My grandfather on my father’s side was a POW locked up in Poland by the Germans for most of world war two. Once while larking about he threw the lid of a cheese box at another British man. Just as he threw it a German guard opened the door and the box lid almost hit the guard. My grandfather was taken in front of the British officer who was in charge of day to day discipline amount British POWs. He was sent to the glasshouse (Guardhouse) for three days as a punishment. He meet a pair of men who had wasted food, they had filled another mans boots with treacle as a joke. The British commanding officer was incensed when he heard what these two men had done, he commented “Men have risked their lives to bring us this food so who are you to waste it !”. The treacle hooligans were given at least twice as long as my Grandfather in the glasshouse.

Keeping the university clean also includes being clean in your behavior as students. Please do not do stuff like singing offensive sounds as you walk home through some quiet neighborhood full of families close to the university.

Also also please do not do anything like the “horrid riots” of Aberdeen when the students from one university in 1659 fought in the street with the students from another university.

Being clean does not mean being judgmental about someone who is different to you. In fact being bigoted or discriminating against people is deeply morally unclean. The most important steps I think you can take towards being morally clean are to obey the university rules, treat all other people in a decent way, never cheat and never doing anything to assist another person cheating.

Cheating at university makes me both angry and sad at the same time. Once I had two students who were guilty of plagiarism when I was an academic at the University of Reading. I had an interesting discussion with the head of department (Matthew Almond) about what to do with them. Me and Matthew choose to exercise mercy and not drag them over red hot coals and up in front of a dean or some other similar figure. Other academics might not have so much mercy as me and Matthew.

I know a young lady who had a boy friend who cheated at university by copying essays which he stole by sneaking into someone else’s computer when they were out of the house. He was banned for several months from all university life, this young lady is now working as a school teacher in Sweden.
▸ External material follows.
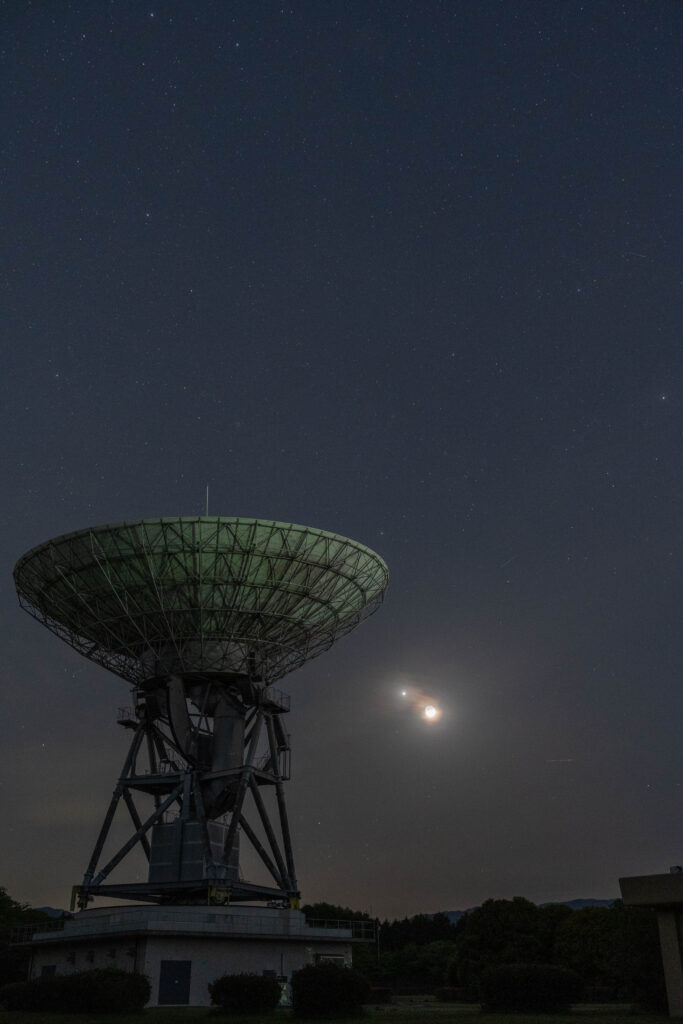 パラボラアンテナの月、金星添え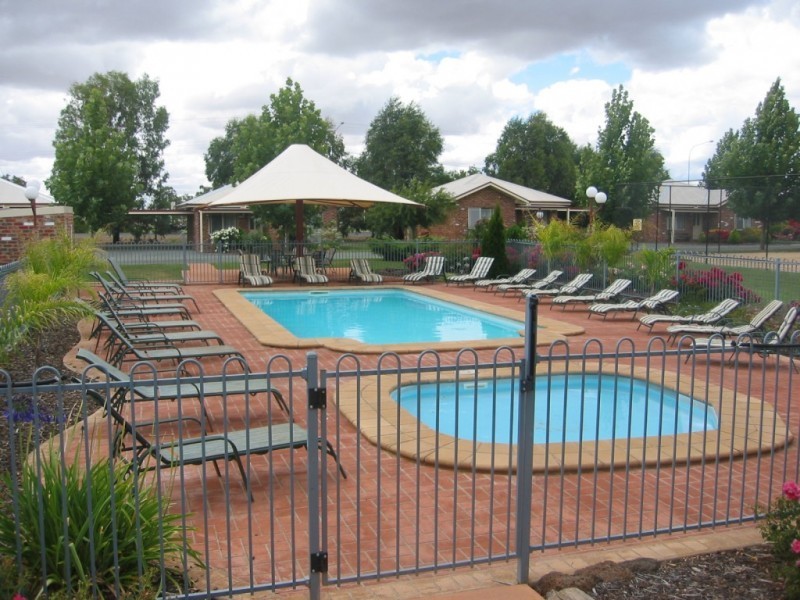Kingfisher/01 Perricoota Road, Moama NSW 2731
As a result of having a cheating ex-boyfriend she has a very unsympathetic attitude to plagiarism.

The last thing I have to say about cheating at university is do not expect good value for money from sites which claim that they will write bespoke essays or reports for you in exchange for vast sums of money. There was a UK academic (Charles Oppenheim, Loughborough’s professor of information science) who did an interesting experiment. The academic set a question for an essay “Does UK copyright law provide an adequate balance between the needs of rightholders and users?”

He then told the students to buy a 1500 word essay on the subject and also write one of their own. The essays were all blind marked by Charles Oppenheim. He then found out from the students which were essays which were written by the students and which were purchased from the pay to cheat sites.
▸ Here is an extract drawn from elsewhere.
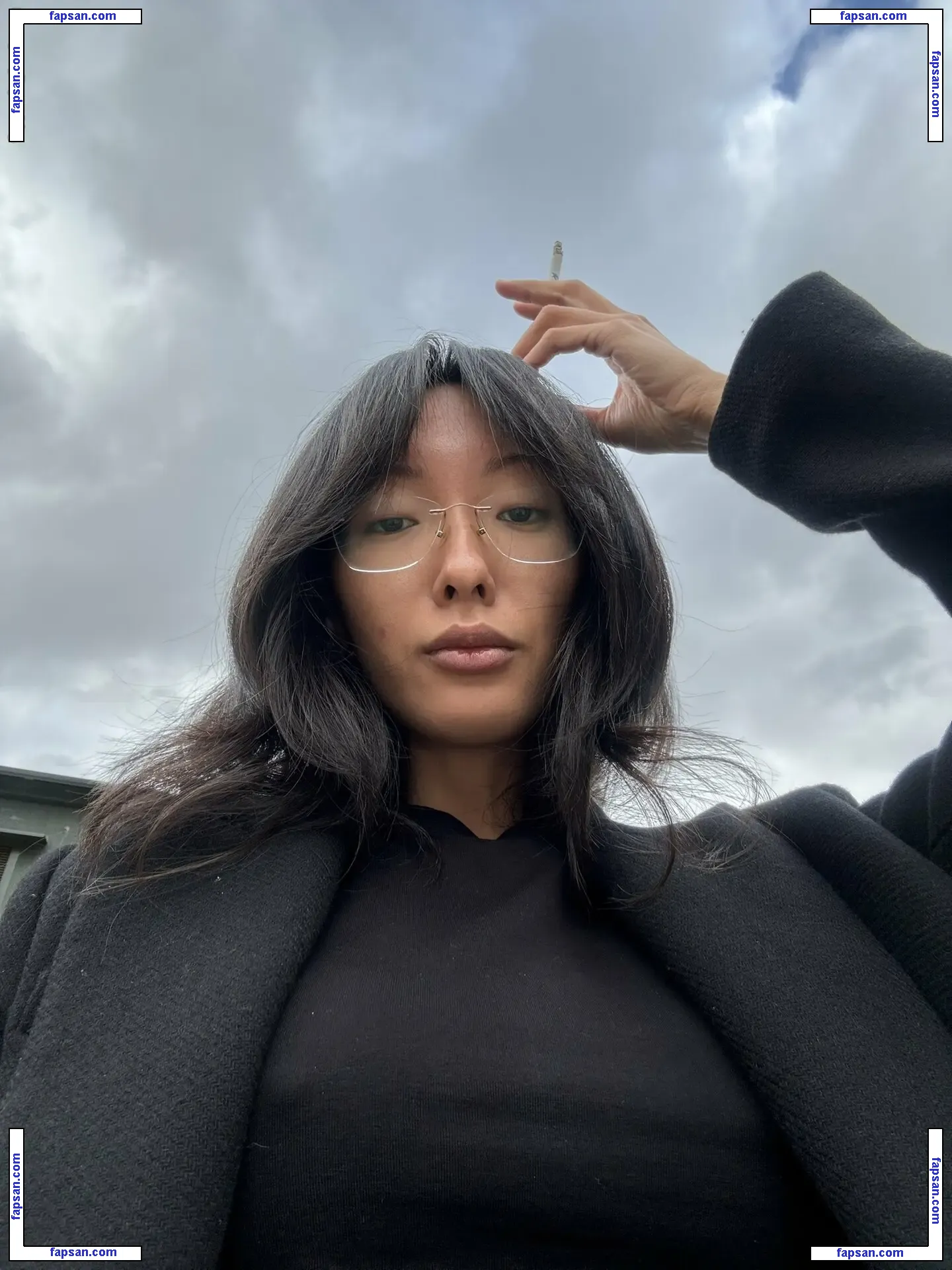 Chustfuck голая фото #0024 с Онлифанс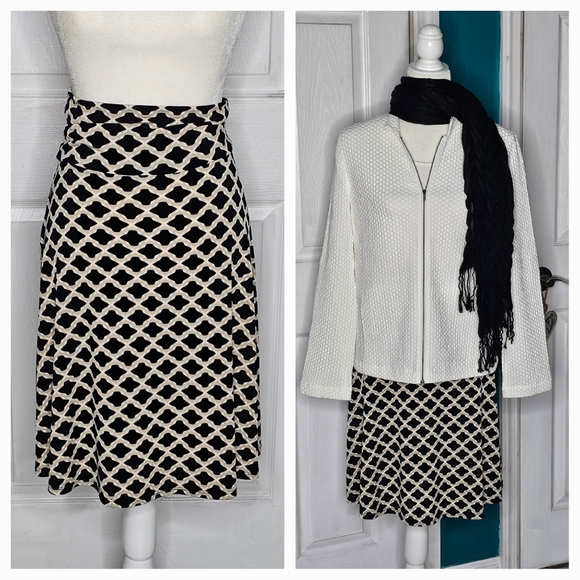 Lularoe Azure Skirt XS - Picture 2 of 16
The results were interesting, he discovered the lowest marked essay (which cost about 2000 SEK) barely scrapped a pass (it only got 42 %) and it was riddled with basic errors and suffered from “appalling” English. Another pair of essays came from companies which claimed that they would get normally above 60 %, but they only scrapped in at about 55 and 57 %. Not good value for money !
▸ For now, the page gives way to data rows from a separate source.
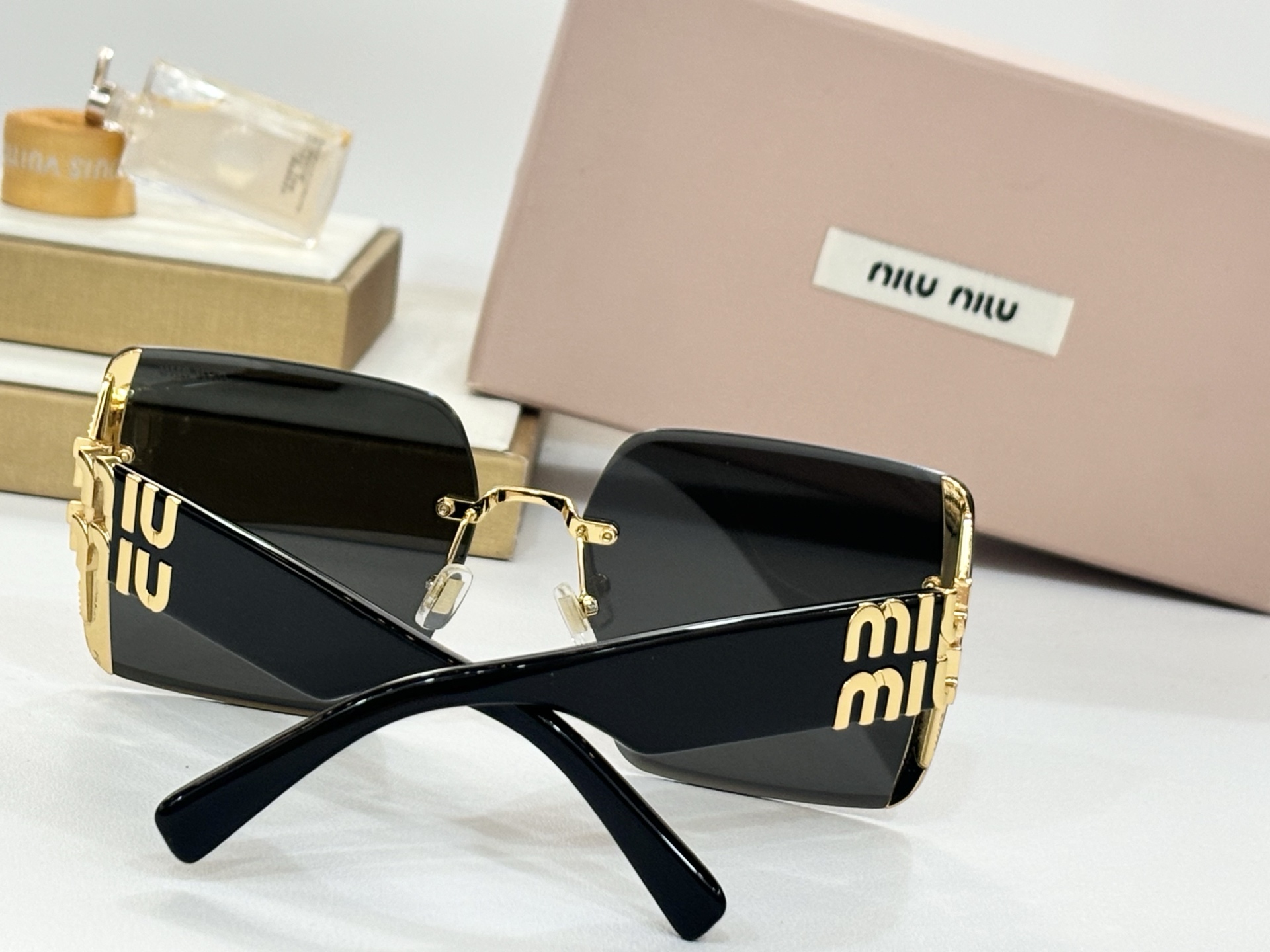  niu
ModSmu78v
Size64-17-140
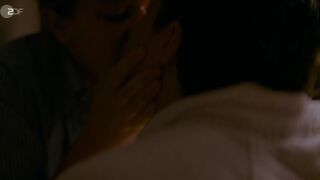 Isabella Wolf - Fett und Fett s02e02 (2019) Nude Scenes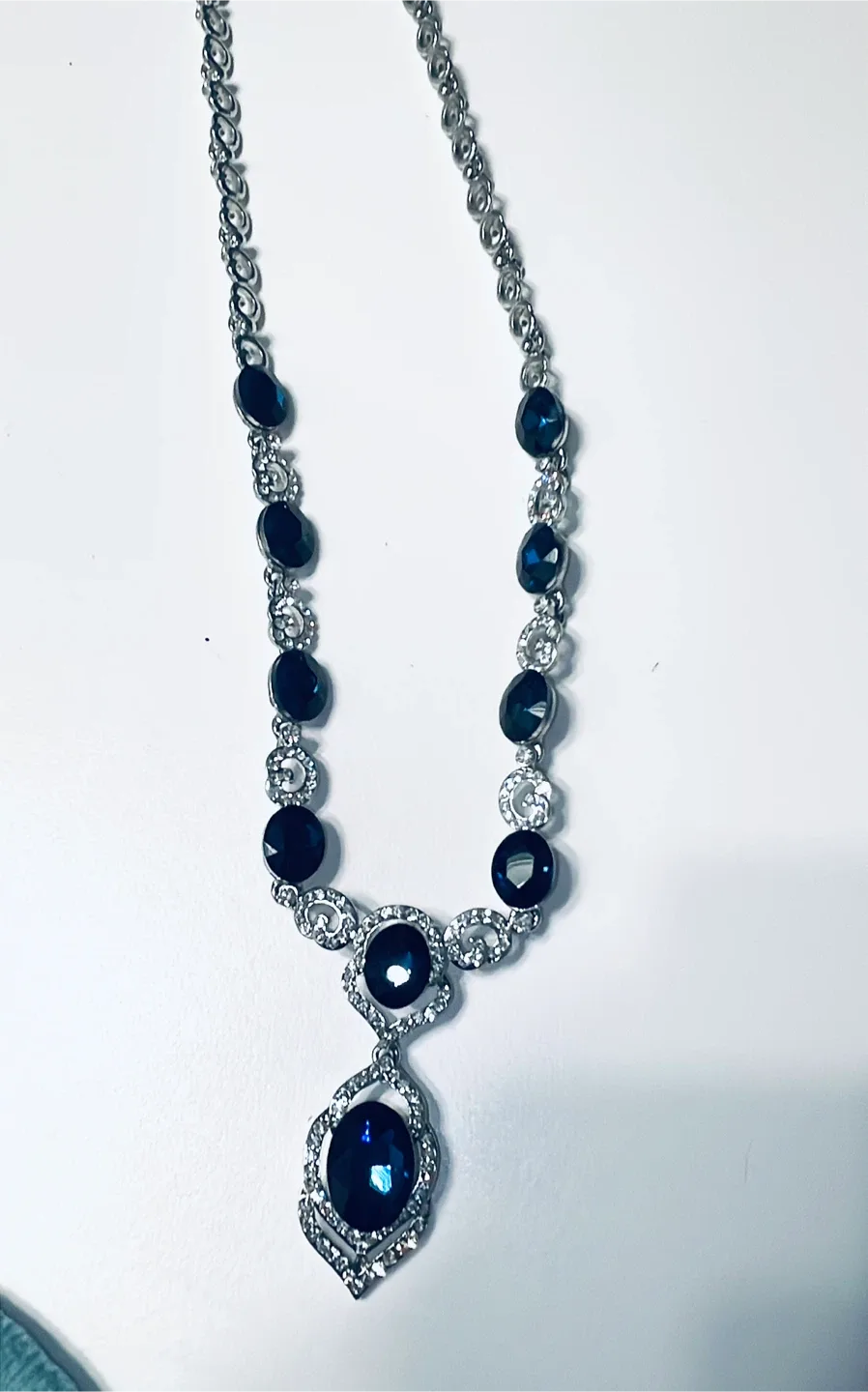 Stunning Royal blue Crystal Necklace Set with Earring image indicator(3)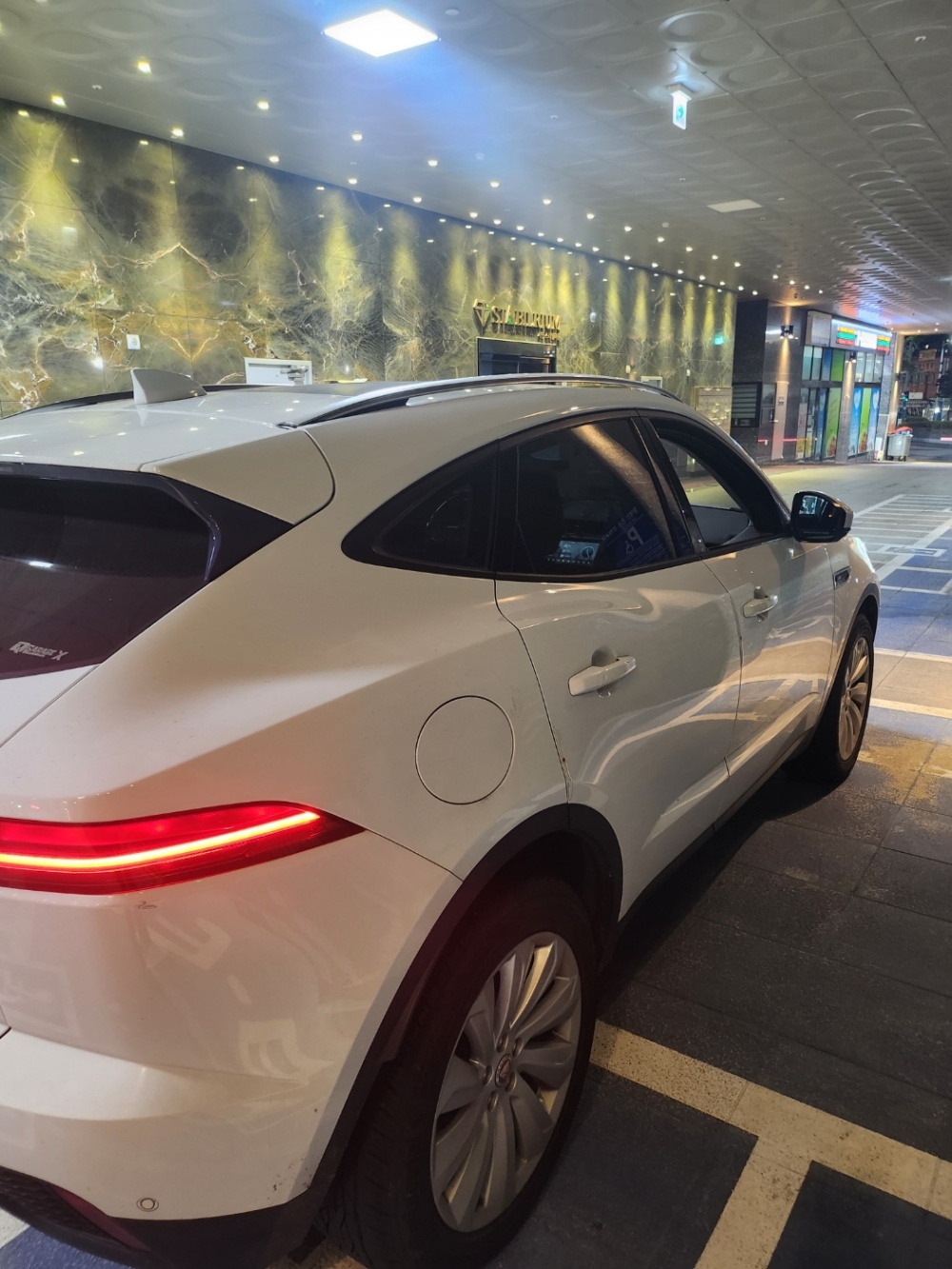 Jaguar E-PACE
I think that the UK students were getting better grades than the essay mills, it is typical in the UK to mark such that the average student gets a 2.1

Here is a rough conversion chart between the UK and Swedish systems

UK Percentage mark UK grade Swedish grade
Below 40 % Fail Fail
40 to 50 % Third Bare pass (G)
50 to 60 % 2.2 (Lower second) VG
60 to 70 % 2.1 (Upper second) Either VG or MVG
Above 70 % First MVG

The majority of students at the end of their UK first degree get either a 2.2, 2.1 or a first. Thankfully few students get thirds or fails right at the end of their BA or BSc.